Memang selama syuting di Pangandaran penonton tak pernah sepi. Mereka berteriak kaget bila terdengar ledakan mercon atau melihat kepulan asap yang mewarnai udara. Merekapun bertepuk tangan riuh bila adegan-adegan berbahaya terselesaikan dengan selamat. Para pedagang makanan dan jurufoto amatirpun laris. Sebab penduduk beramai-ramai minta foto bersama artis-artis pendukung film, lewat kamera polaroid sekali jepret langsung jadi. Kalau nasib lagi baik, para pedagang atau tukang foto itu juga kebagian peran figuran. Honor Rp. 5.000,00 sehari dianggap cukup lumayan. Turis-turis asing yang berkeliaran di arena wisata pun terheran-heran melihat keriuhan syuting. Mungkin baru kali itu mereka menonton orang Indonesia bikin film. 
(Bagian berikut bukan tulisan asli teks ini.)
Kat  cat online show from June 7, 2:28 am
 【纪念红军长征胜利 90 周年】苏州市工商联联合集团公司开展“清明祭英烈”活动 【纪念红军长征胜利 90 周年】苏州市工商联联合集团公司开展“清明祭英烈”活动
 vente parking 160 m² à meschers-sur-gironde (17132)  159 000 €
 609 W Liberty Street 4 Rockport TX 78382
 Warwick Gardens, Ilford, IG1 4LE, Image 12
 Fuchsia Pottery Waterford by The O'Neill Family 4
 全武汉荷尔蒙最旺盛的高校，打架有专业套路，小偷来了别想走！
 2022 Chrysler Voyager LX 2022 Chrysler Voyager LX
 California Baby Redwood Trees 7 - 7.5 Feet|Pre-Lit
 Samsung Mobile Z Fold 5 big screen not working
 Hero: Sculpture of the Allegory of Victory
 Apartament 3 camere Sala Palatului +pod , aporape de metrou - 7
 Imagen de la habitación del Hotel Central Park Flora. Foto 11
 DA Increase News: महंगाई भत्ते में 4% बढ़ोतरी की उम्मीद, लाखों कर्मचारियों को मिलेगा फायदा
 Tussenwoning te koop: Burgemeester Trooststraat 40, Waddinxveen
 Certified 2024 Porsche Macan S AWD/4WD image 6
Syuting film selama 10 hari di Pangandara, diakhiri dengan "pesta perpisahan" antara pemain utama dan kru film dengan para figuran. Pestanya ramai-ramai makan kambing guling diteruskan dengan ajojing sampai pagi. 



3. Lokasi Syuting di Lampung : Lima Ekor Gajah tapi berkesan Ratusan

Syuting selama 3hari dilakukan di Sekolah Gajah Way Kambas, Lampung Tengah. Maksud di pilihnya lokasi itu jelas, agar bis amenggunakan gajah-gajah yang sudah terlatih. Di Sini ingin di gambarkan kebesaran kerajaan Majapahit denga pasukan gajah dan kudanya. Karena pasukan berkuda sudah diambil gambarnya di Sumba, di Lampung hanya belasan ekor kuda yang di gunakan. Padahal mencari kuda di Lampung termasuk sulit. Maka, apa boleh buat diangkutlah kuda-kuda yang pernah di gunakan di Pangandaran, termasuk para penunggang kuda sekaligus pemilik kuda itu. 

Sebenarnya sekolah Gajah Way Kambas memberi keluasan menggunakan gajah-gajah yang sudah jinak sebanyak 48 ekor. Tapi, Tantowi cuma meminjam 5 ekor. Alasanya jumlah kuda yang ada tak memadai bila disandingkan dengan pasukan gajah. Kalau jumlah gajah terlalu banyak, akan kelihatan timpang. Namun dengan trik tertentu pasukan gajah dan pasukan kuda tampak ratusan jumlahnya. Caranya, kuda dan gajah yang sudah di tembak kamera, berputar lagi lewat di depan kamera secara berkseinambungan . Kesannya jumlah kuda dan gajah itu banyak sekali. 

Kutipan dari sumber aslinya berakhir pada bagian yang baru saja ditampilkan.